* [What you have to do] Your answer must be only the lines below from the one containing "Cissé Bacongo depuis" through the one containing "dates icon filled line style", copied exactly, with the pictures left out.

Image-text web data

◇ ◇ ◇ ◇ ◇ ◇ ◇

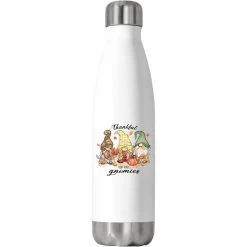 Thankful For My Gnomies Sublimation Stainless Steel Water Bottle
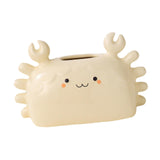 Maxbell Ceramic Tissue Box Convenience Canister for Countertop Study Room Cabinet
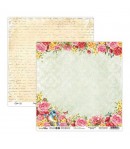 BLOC 12 FEUILLES 30.5 X 30.5 CM -  BIRD ROMANCE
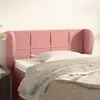 Image de vidaXL Tête de lit avec oreilles Rose 83x23x78/88 cm Velours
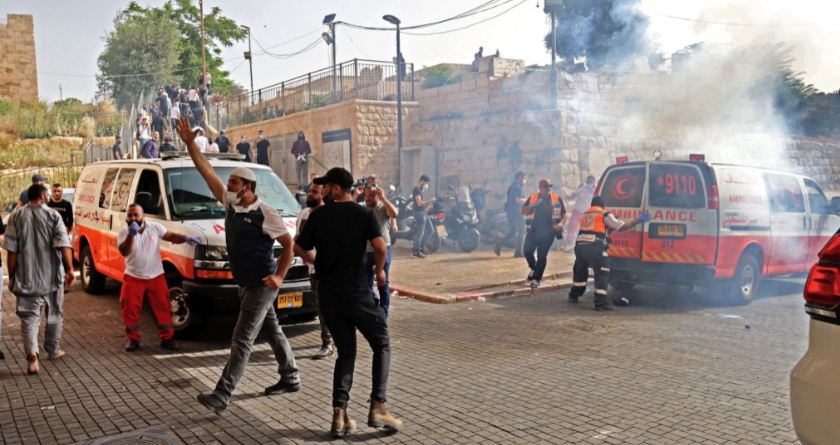 Enorme incendio se presentó en el recinto de la Explanada de las Mezquitas en Jerusalén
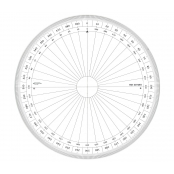 Rapporteur cercle entier grades Ø 20 cm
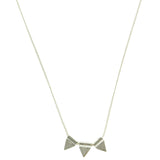 Mi Amore Long-Necklace Silver-Tone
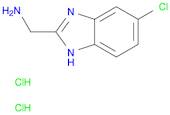 1H-Benzimidazole-2-methanamine, 6-chloro-, dihydrochloride
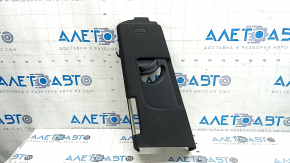Left center pillar trim, belt, Audi Q8 19-23, black, under the deflector, worn, filed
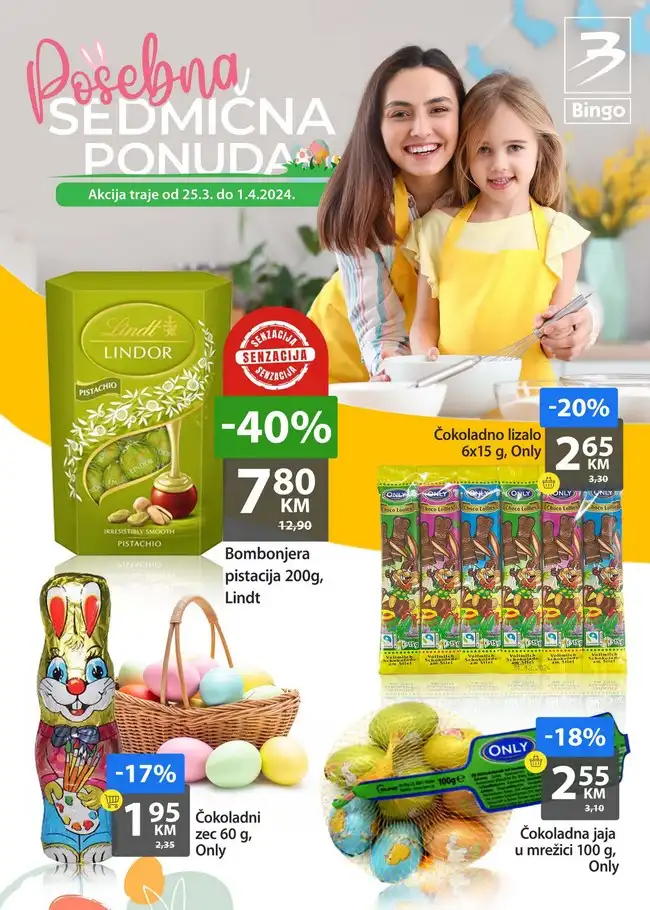 Bingo: Posebna sedmična ponuda od od 25.03 do 01.04.2024.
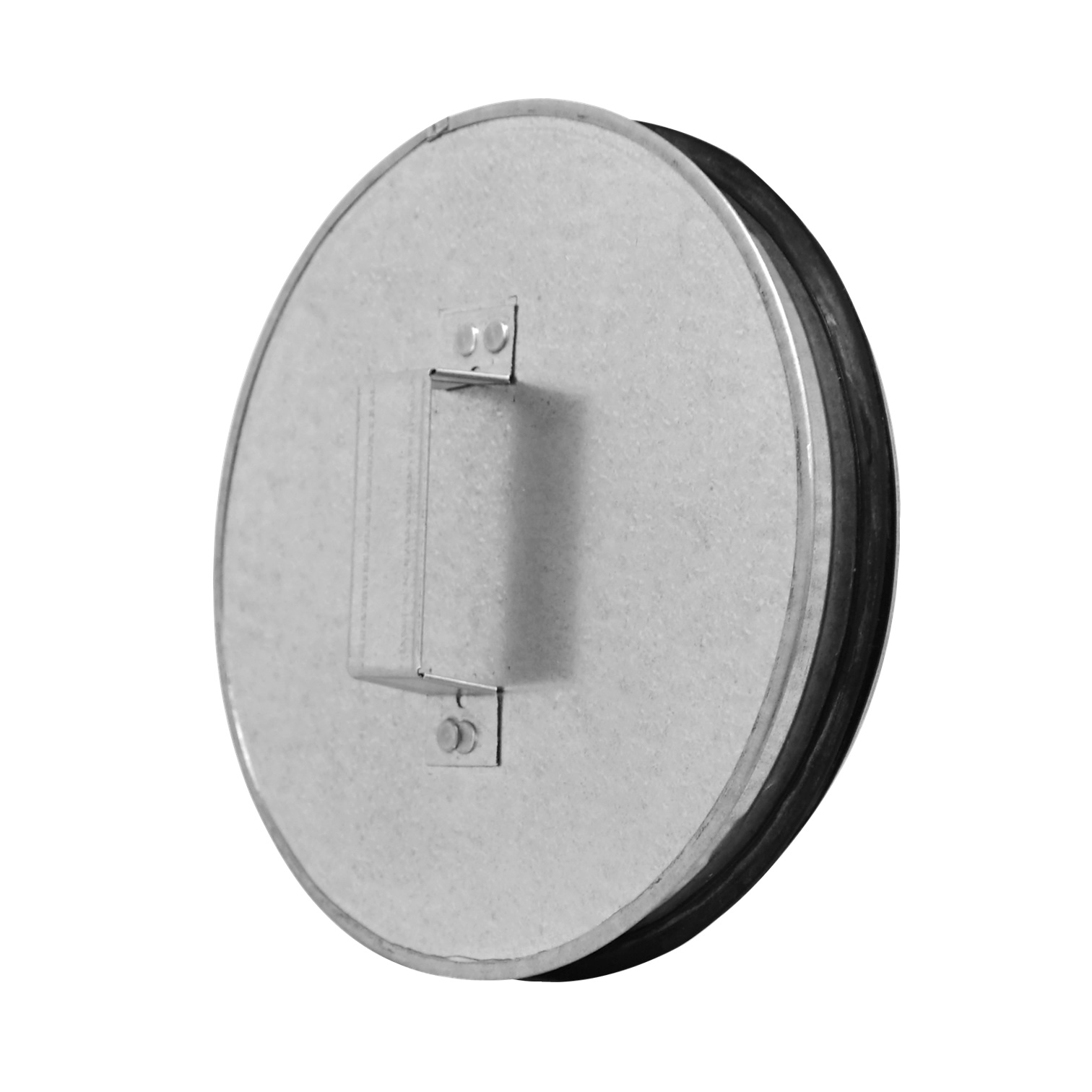 tappo per condotto con maniglia, in metallo, Ø125mm, con gomme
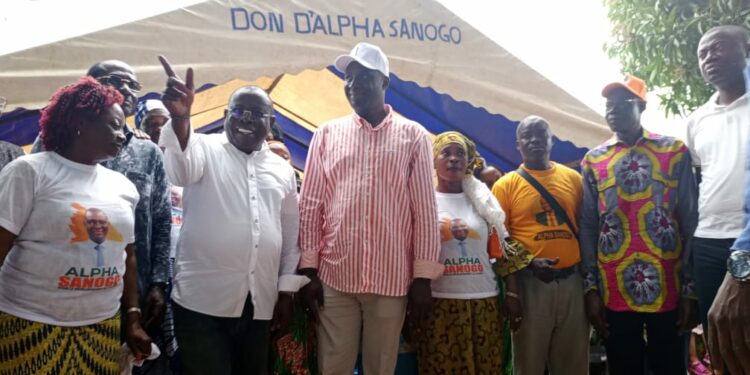 Cissé Bacongo depuis Tiassalé: « Alpha Sanogo sera maire le 2 septembre … »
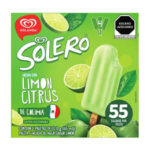 Paleta helada Holanda Solero sabor limón citrus 4 pzas de 65 ml c/u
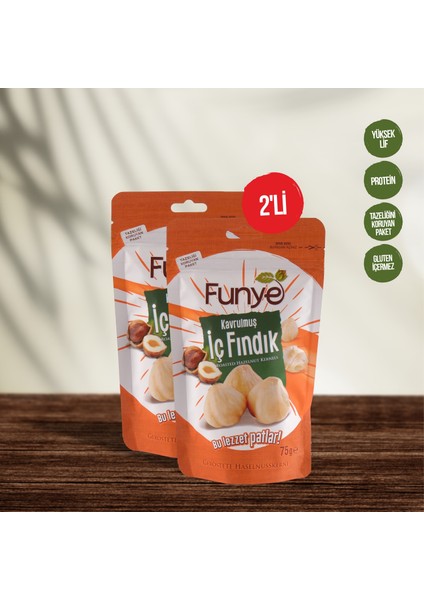 Kavrulmuş Fındık Doypack 75 gr x 2 Adet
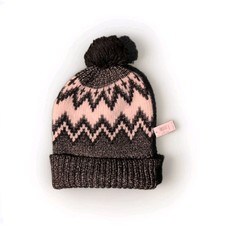 Old Navy Women's Winter Beanie Pom Pom NWT Hat Black White Large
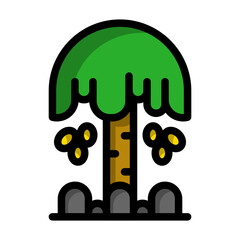 dates icon filled line style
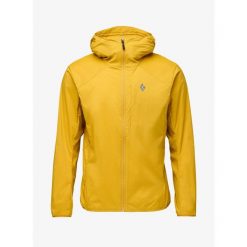 Kurtka softshell męska Black Diamond Alpine Start Hoody. Żółte kurtki softshell męskie Black Diamond, m, bez wzorów, z softshellu, bez kaptura, trekkingowe. Za 576.99 zł.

◇ ◇ ◇ ◇ ◇ ◇ ◇

* [Result]
 Cissé Bacongo depuis Tiassalé: « Alpha Sanogo sera maire le 2 septembre … »
 Paleta helada Holanda Solero sabor limón citrus 4 pzas de 65 ml c/u
 Kavrulmuş Fındık Doypack 75 gr x 2 Adet
 Old Navy Women's Winter Beanie Pom Pom NWT Hat Black White Large
 dates icon filled line style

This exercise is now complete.